Article 22. Suspension and dissolution

  1. Qooqie is authorised to suspend the fulfilment of its obligations or to dissolve the agreement without judicial intervention by means of a written statement, if:
    1. The customer does not or not fully comply with the obligations under the agreement;
    2. After the conclusion of the agreement, Qooqie learns of circumstances that give good ground to fear that the customer will not fulfil his obligations;
    3. The customer has been granted a suspension of payment;
    4. The customer is in a state of bankruptcy;
    5. A statutory debt rescheduling arrangement is declared applicable to the customer;
    6. The company of the customer is liquidated or terminated other than for the purpose of a takeover or merger of companies.
  2. Furthermore, Qooqie is authorised to dissolve the agreement or have it dissolved if circumstances arise of such a nature that fulfilment of the agreement is impossible or can no longer be demanded according to standards of reasonableness and fairness, or if other circumstances arise of such a nature that the unaltered maintenance of the agreement can no longer be demanded in all reasonableness.
  3. If the agreement is dissolved, the claims of Qooqie on the customer are immediately due and payable. If Qooqie suspends fulfilment of the obligations, it shall retain its claims under the law and the agreement.
  4. Qooqie retains the right to claim damages at all times.

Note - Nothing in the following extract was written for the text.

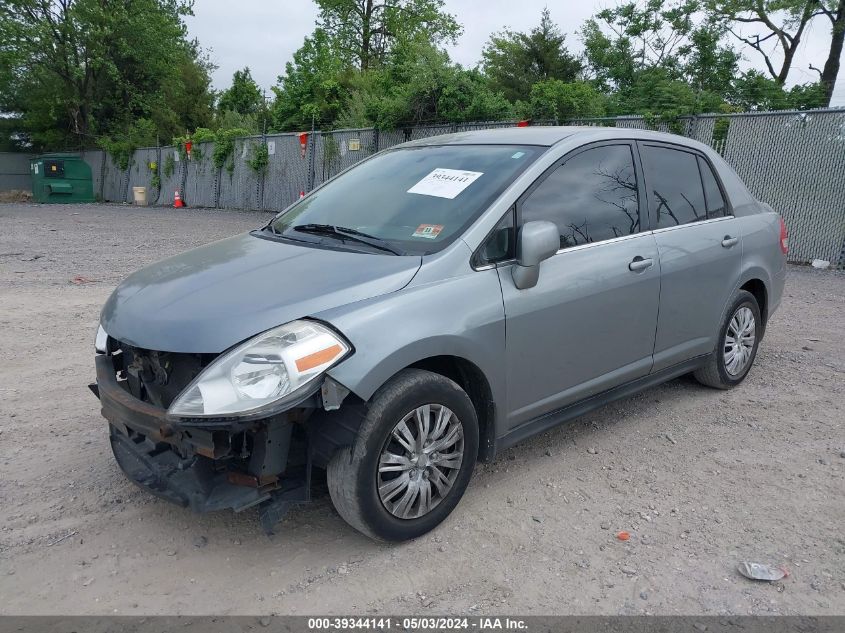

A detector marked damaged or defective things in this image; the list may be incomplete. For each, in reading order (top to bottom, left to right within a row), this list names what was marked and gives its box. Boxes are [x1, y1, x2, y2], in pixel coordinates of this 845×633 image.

Article 23. Intellectual property/p>

  1. The copyright and all other intellectual property rights to the script and the dashboard rest with Qooqie or its licensor.
  2. Qooqie grants the customer, insofar as necessary for the use of the service, a licence for the duration of the agreement to use the intellectual property rights vested in the script and the dashboard. The licence is only valid after the customer has fulfilled his financial obligations towards Qooqie. The customer is not permitted to grant sub-licences on the use of the dashboard and script to third parties.
  3. The script and the dashboard are exclusively intended to be used by the customer and may not, without prior permission from Qooqie, be duplicated, made public or brought to the notice of third parties.

Article 24. Transfer

  1. The customer is not permitted to transfer the rights from the agreement to a third party without Qooqie's express prior written consent.

Article 25. Force majeure

  1. Qooqie shall not be required to fulfil any obligation if it is prevented from doing so as a result of a circumstance that cannot be attributed to fault, nor for which it can be held accountable by law, a juristic act or generally accepted practice.
  2. Force majeure shall be deemed to exist, inter alia, if Qooqie is prevented from fulfilling its obligations arising from the agreement or the preparation thereof as a result of: internet malfunction, malfunction of e-mail traffic, malfunction of Qooqie's telecom provider, virus infection or computer break-in by third parties, power failure, weather conditions, natural disasters, traffic disruption, accidents, strikes, theft, fire, war, riots, terrorism, government measures, a lack of goods of the customer and errors in software or (online) services of third parties.
  3. Force majeure is also understood to mean a non-attributable shortcoming of Qooqie's suppliers or of third parties which Qooqie has engaged in the performance of the agreement.
  4. The parties may suspend the obligations arising from the agreement during the period of force majeure.
  5. Insofar as Qooqie has already partially fulfilled its obligations arising from the agreement or will be able to fulfil them at the time when the force majeure occurs, and independent value can be attributed to the part already fulfilled or to be fulfilled respectively, Qooqie is entitled to separately invoice the part already fulfilled or to be fulfilled respectively.
  6. In the event of force majeure, Qooqie shall notify the customer as soon as possible.

Article 26. Applicable law and competent courts

  1. All agreements are subject to Dutch law.
  2. All disputes relating to agreements between the customer and Qooqie shall be submitted to the competent court in the district where Qooqie has its registered office.